GIFT WRAPPING TIPS FOR MEN

This is the time of year we think back to the very first Christmas, when the Three Wise Men; Gaspar, Balthazar and Herb, went to see the baby Jesus and, according to the Book of Matthew, “… presented unto Him gifts; gold, frankincense, and myrrh.”

These are simple words, but if we analyze them carefully, we discover an important, yet often overlooked, theological fact: There is no mention of wrapping paper. If there had been wrapping paper, Matthew would have said so: “And lo, the gifts were insideth 600 square cubits of paper. And the paper was festooned with pictures of Frosty the Snowman. And Joseph was going to throweth it away, but Mary saideth unto him… she saideth, ‘Holdeth it! That is nice paper! Saveth it for next year!’ And Joseph did rolleth his eyeballs. And the baby Jesus was more interested in the paper than the frankincense.”

But these words do not appear in the Bible, which means that the very first Christmas gifts were NOT wrapped. This is because the people giving those gifts had two important characteristics:
1. They were wise.
2. They were men.

Men are not big gift wrappers. Men do not understand the point of putting paper on a gift just so somebody else can tear it off. This is not just my opinion. This is a scientific fact based on a statistical survey of two guys I know. One is Rob, who said the only time he ever wraps a gift is
“if it’s such a poor gift that I don’t want to be there when the person opens it.” The other is Gene, who told me he does wrap gifts, but as a matter of principle never takes more than 15 seconds per gift. “No one ever had to wonder which presents daddy wrapped at Christmas,” Gene said.
“They were the ones that looked like enormous spitballs.”

I also wrap gifts, but because of some defect in my motor skills, I can never completely wrap them. I can take a gift the size of a deck of cards and put it the exact center of a piece of wrapping paper the size of a regulation volleyball court, but when I am done folding and taping, you can still see a sector of the gift peeking out. (Sometimes I camouflage this sector with a marking pen.)

If I had been an ancient Egyptian in the field of mummies, the lower half of the Pharaoh’s body would be covered only by Scotch tape. On the other hand, if you give my wife a 12-inch square of wrapping paper, she can wrap a C-130 cargo plane. My wife, like many women, actually likes wrapping things. If she gives you a gift that requires batteries, she wraps the batteries separately, which to me is very close to being a symptom of mental illness.
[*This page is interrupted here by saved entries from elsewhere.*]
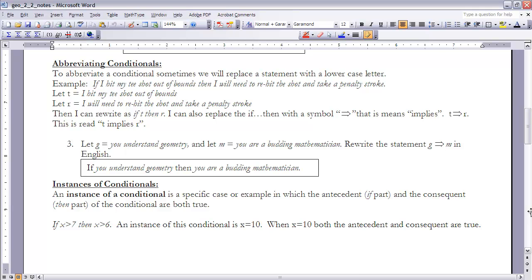The next concept is an instance of a conditional. An instance of a conditional is a specific case or example in which both the antecedent and the consequent are true — the 'if' part is true and the 'then' part is true. For example, for 'if X is greater than 7, then X is greater than 6,' an instance would be X = 10, since both parts are true.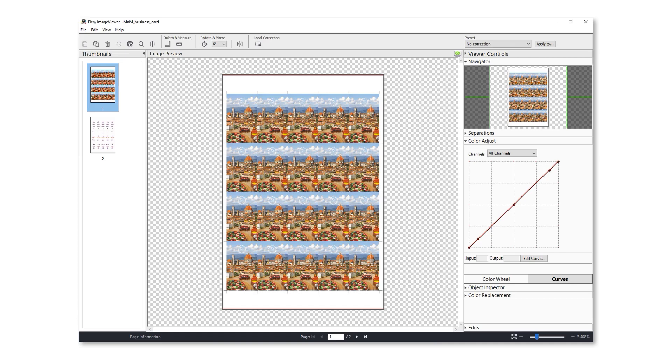Here's a quick overview of the new Fiery Image Viewer features that help you minimize waste and ensure that every print is sellable. First, let's look at two features that allow you to see precise locations of various page objects.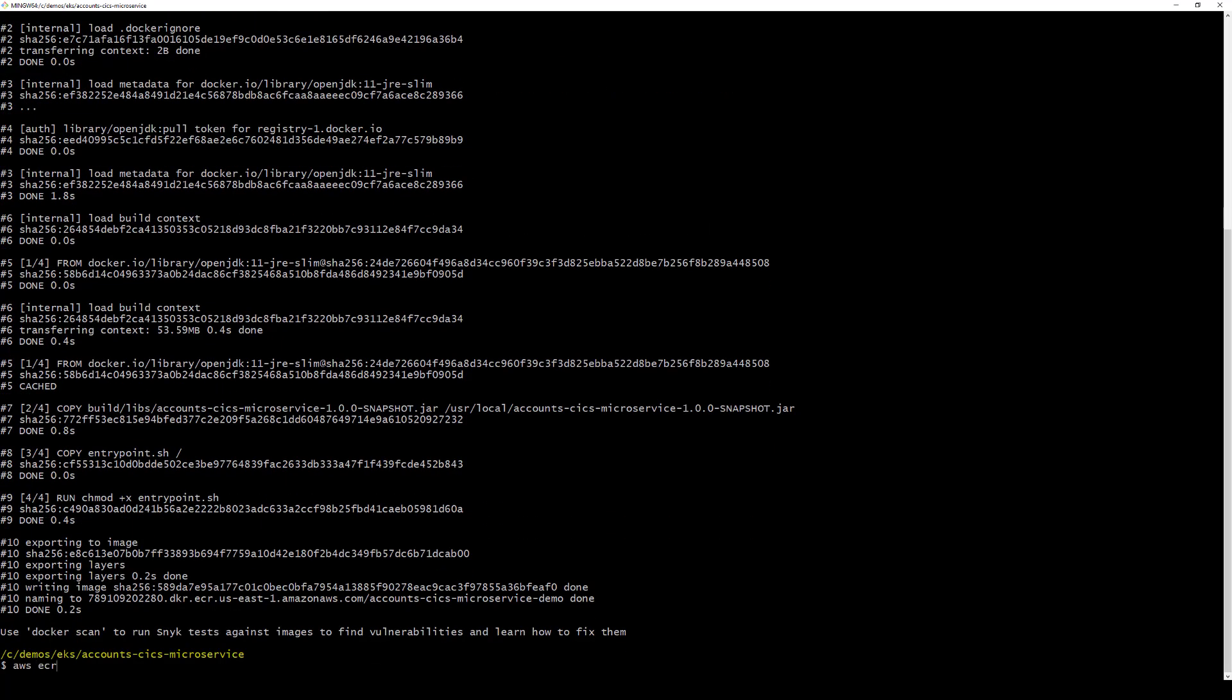And we log into the remote AWS ECR Docker registry.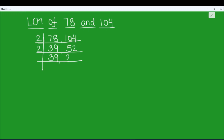2 times 2 is 4, remainder 1, this becomes 12, 2 times 6 is 12. Again we can use 2 to divide 26, and 39 we are going to write as is, as it is not fully divisible by 2.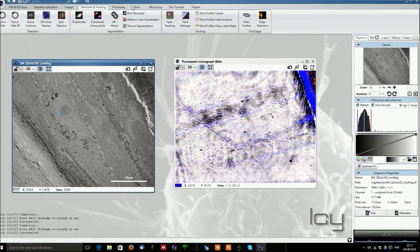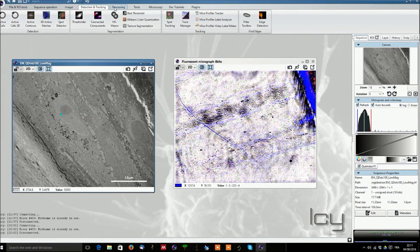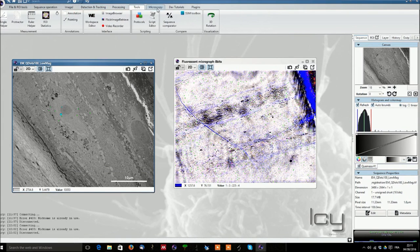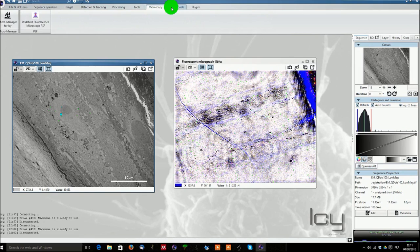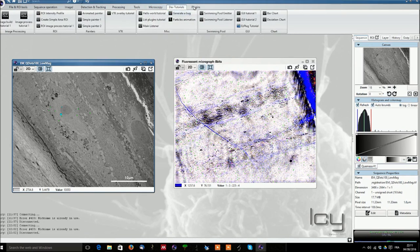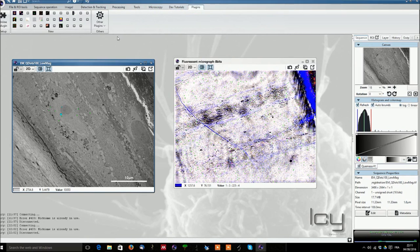You can also use different plugins which are under different sub names so detection and tracking, processing, tools, microscopy, developmental tutorials are for developers and then finally plugins if you have installed a plugin.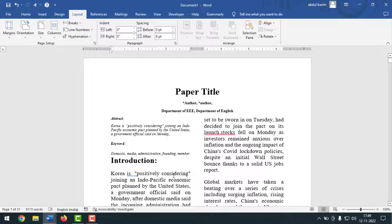This is a common research paper format. For your specific submission you should follow your university's research paper format, but the main format is the same for all research papers. If you face any problem, ask me in the comment box and I'll try to answer as soon as possible. If this video was helpful, please like, share, comment, and subscribe to my YouTube channel and press the bell icon to get notifications. Thank you for watching — see you next time!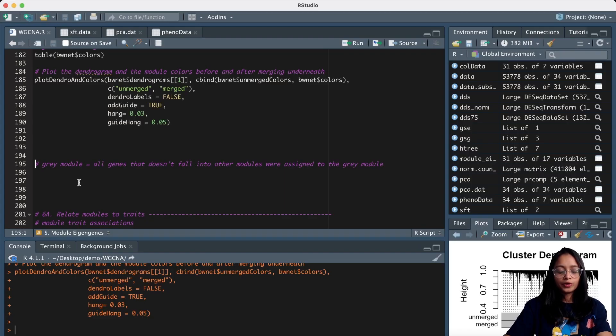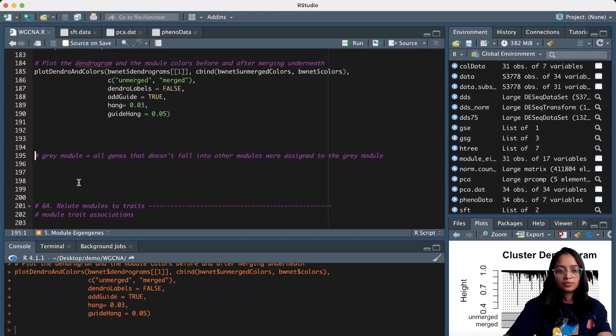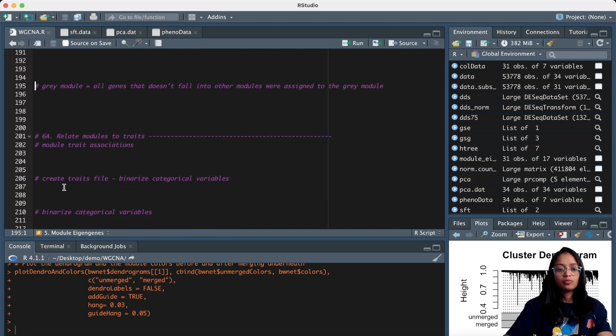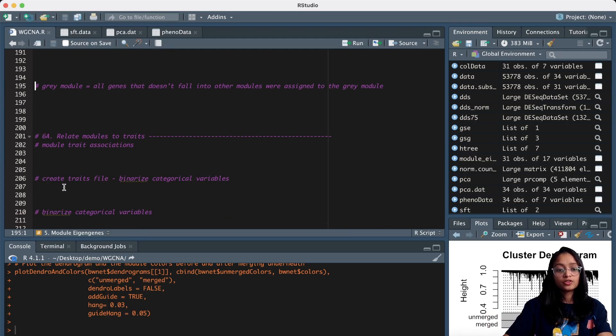Now that we have identified modules and merged similar modules, next we need to relate the modules to traits. So we need to find which of the modules have significant association with the trait of interest.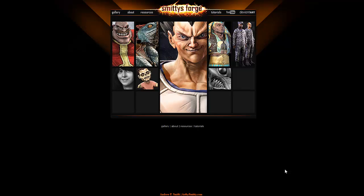Hi, this is Andrew Smith, instructor at Ferris State University and runner of ArtBySmitty.com. Today we're going to cover retopologization inside of 3D Studio Max.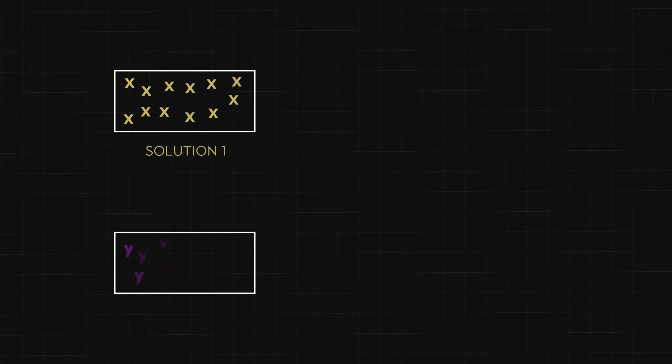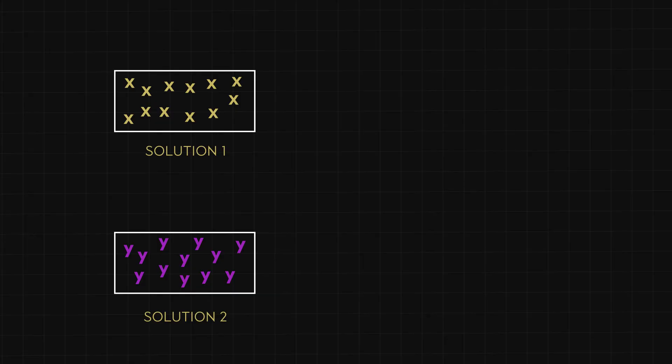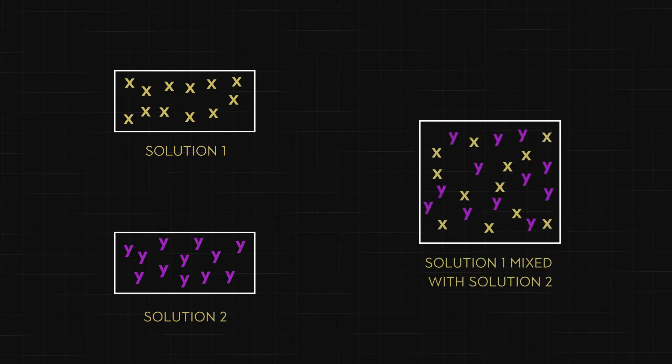But what if instead of water, I decided to add another solution to my first solution? I will show the moles of the second compound as Y, and I will keep the volume of the second solution the same as the solution above. Even though my total volume of solution increases, the number of moles of X remains the same as in the first solution, and the number of moles of Y remains the same as in the second solution. I have effectively diluted both solutions.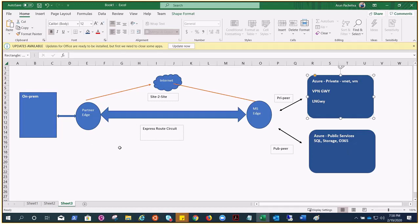On-premises will contact the partner edge and inform about the creation of the circuit on the portal. When we create the circuit on the portal — after creating the virtual network gateway with type set to ExpressRoute — there is certain information we need to provide to the partner edge so they can go ahead and provision the ExpressRoute circuit. Once provisioning is successful, you can create the connection just like site-to-site. The peering type — private or public — is configured based on your need.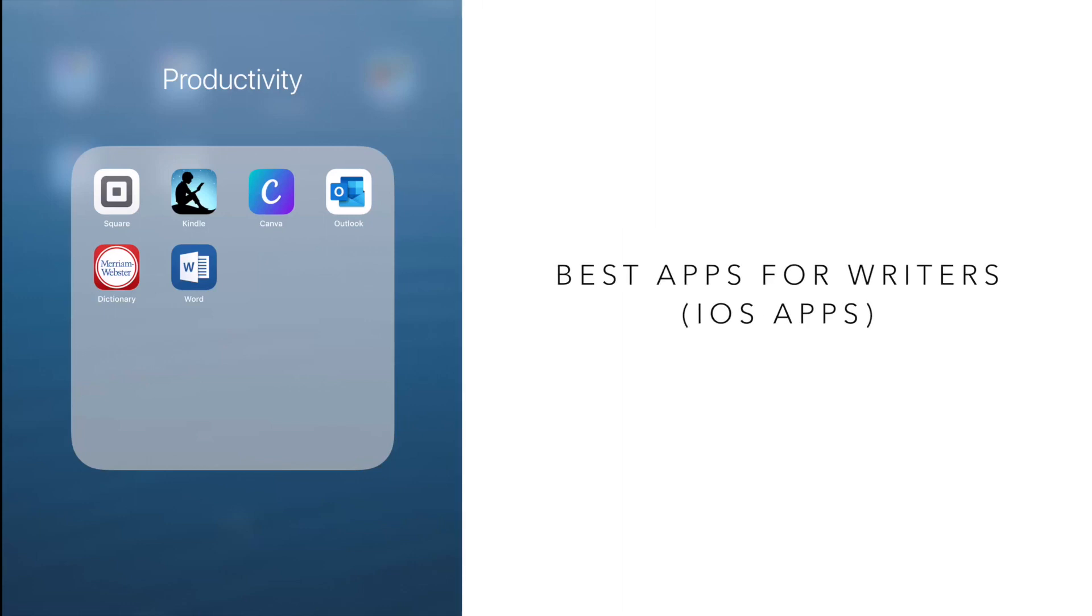In this video, I'm going to be sharing some apps that I'm currently using on my writing journey. All of these apps help me to be way more productive throughout the day.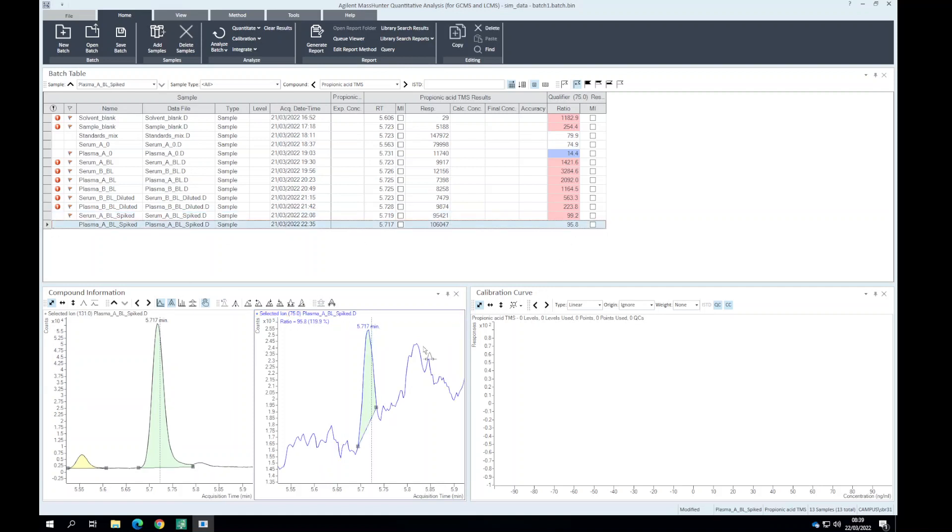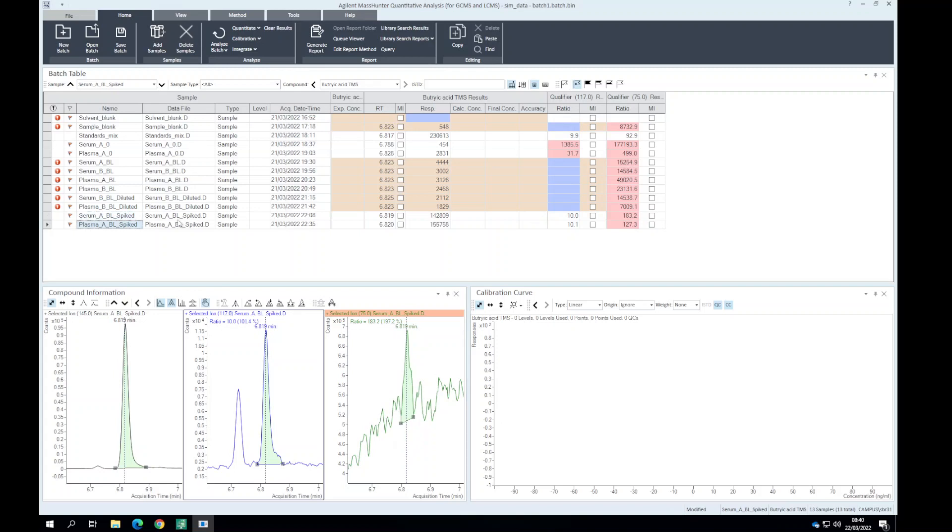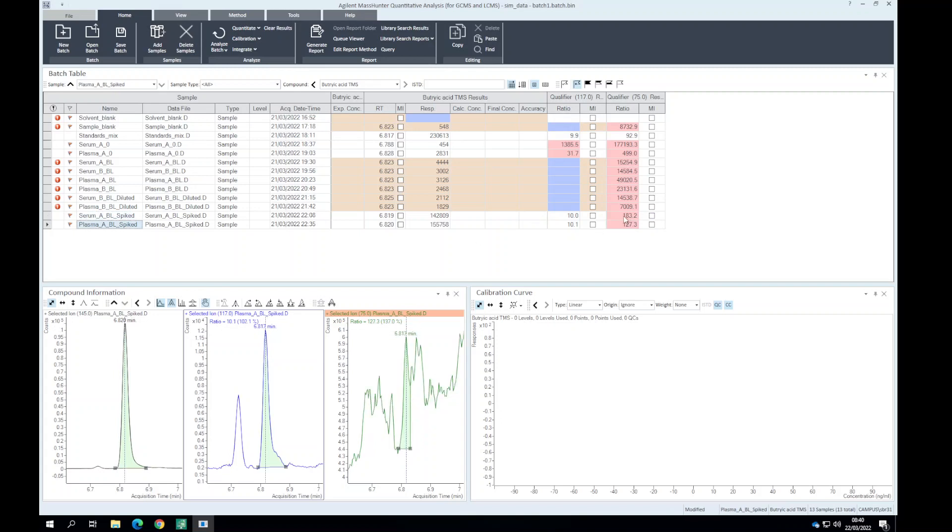In this case we can see the qualifier ion in our second plasma spike. Potentially there's a difference between the cleanup in plasma and serum. The third analyte to be spiked in is butyric acid. Here we can also see slight deviation in the 75 qualifier ion. It looks like there's a lot of background, so potentially this is a better gauge to go by, that 117 qualifier ion.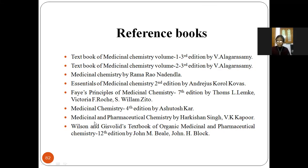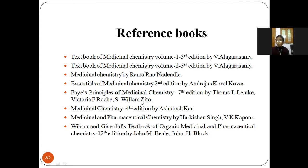The medicinal and pharmaceutical chemistry by Hari Singh, Hari Krishna Singh, and V.K. Kapoor. These are the reference textbooks for the antianginal topic. Thank you very much.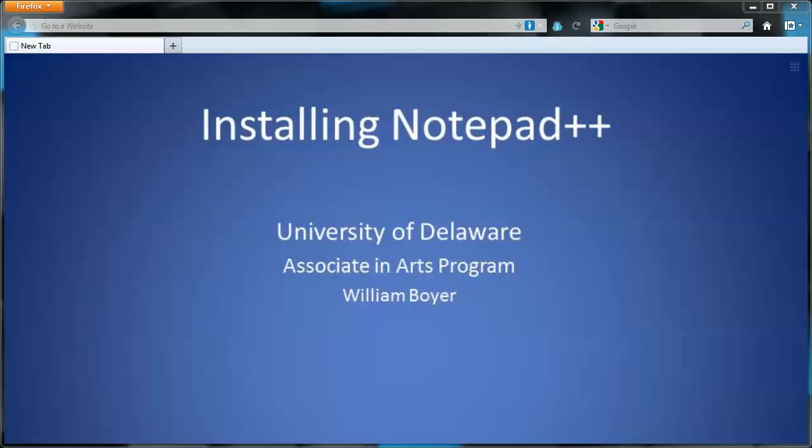In this video, I just want to quickly show you how to install Notepad++, which is a piece of software we're going to use to develop our HTML.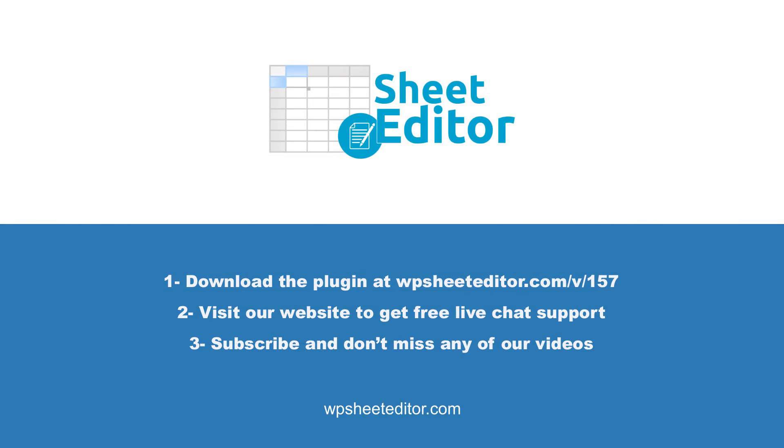Remember that in the video description you'll find the links to download the plugin and to see our written guide. We have live chat support and a blog with hundreds of tutorials if you need help. Subscribe to our YouTube channel for more video tutorials.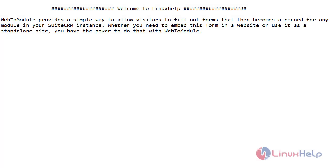Welcome to Linux sub channel. In this video, we are going to see about Web2Module in SuiteCRM.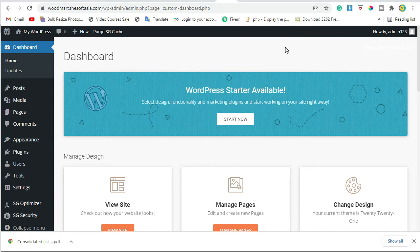Welcome to SoftAsia Tech. Today I will show you how to upload and install the Woodmart theme on a WordPress website. So let's get started.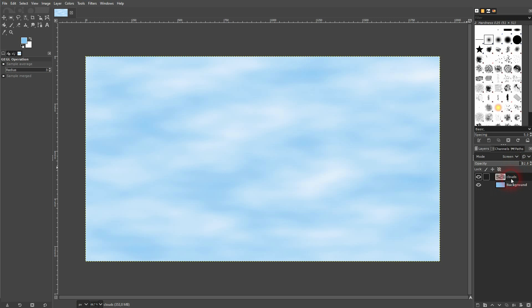And this is how you can create this cloud sky background in GIMP. I hope this video was helpful. Thank you for watching and I'll see you next time.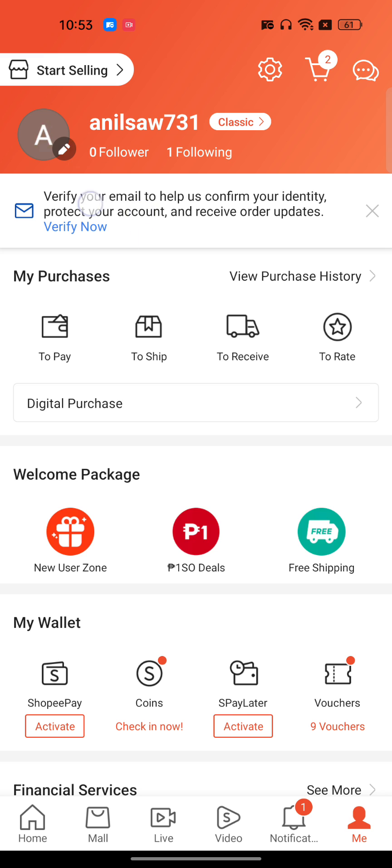This is very important — you just need to have your account linked with Google or Facebook. If you have linked it with either one of those platforms, you will be able to recover your Shopee account.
If it were possible, my wife would wrap each individual volt.

My point is that gift-wrapping is one of those skills like having babies that come more naturally to women than to men. That is why today I am presenting…

Gift-Wrapping Tip For Men:

Whenever possible, buy gifts that are already wrapped. If, when the recipient opens the gift, neither one of you recognizes it, you can claim that it’s myrrh.

The editors of Woman’s Day magazine recently ran an item on how to make your own wrapping paper by printing a design on it with an apple sliced in half horizontally and dipped in a mixture of food coloring and liquid starch. They must be smoking crack.

If you’re giving a hard-to-wrap gift, skip the wrapping paper! Just put it inside a bag and stick one of those little adhesive bows on it. This creates a festive visual effect that is sure to delight the lucky recipient on Christmas morning.

YOUR WIFE MAY ASK: “Why is there a Hefty trash bag under the tree?”

YOU: “It’s a gift! See? It has a bow!”

YOUR WIFE (peering into the trash bag): “It’s a leaf blower.”

YOU: “Gas-powered! Five horsepower!”

YOUR WIFE: “I want a divorce.”

YOU: “I also got you some myrrh.”

In conclusion, remember that the important thing is not what you give, or how you wrap it. The important thing, during this very special time of year, is that you save the receipt.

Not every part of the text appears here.